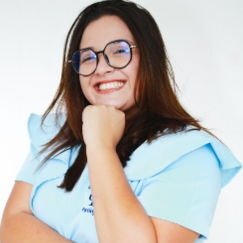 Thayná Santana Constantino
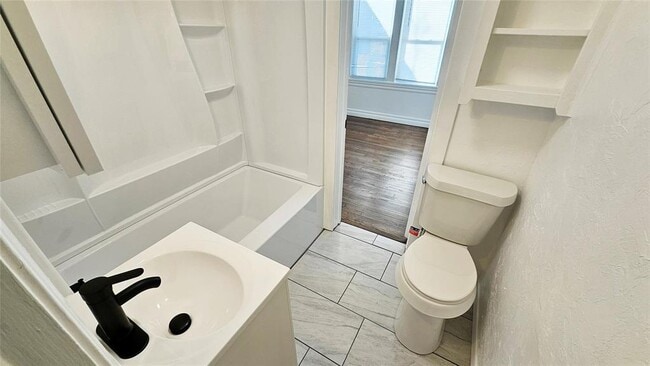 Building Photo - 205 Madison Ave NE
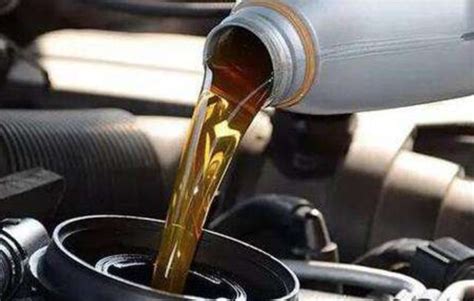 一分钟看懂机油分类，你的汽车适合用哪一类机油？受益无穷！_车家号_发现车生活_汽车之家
........
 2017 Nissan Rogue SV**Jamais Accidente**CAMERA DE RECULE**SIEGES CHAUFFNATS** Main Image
........
- **Task goal**
Start at the line above containing "Thayná Santana Constantino" and stop at the line containing "一分钟看懂机油分类，你的汽车": print those lines and everything between them exactly, but not the pictures.

- **Answer section**
 Thayná Santana Constantino
 Building Photo - 205 Madison Ave NE
 一分钟看懂机油分类，你的汽车适合用哪一类机油？受益无穷！_车家号_发现车生活_汽车之家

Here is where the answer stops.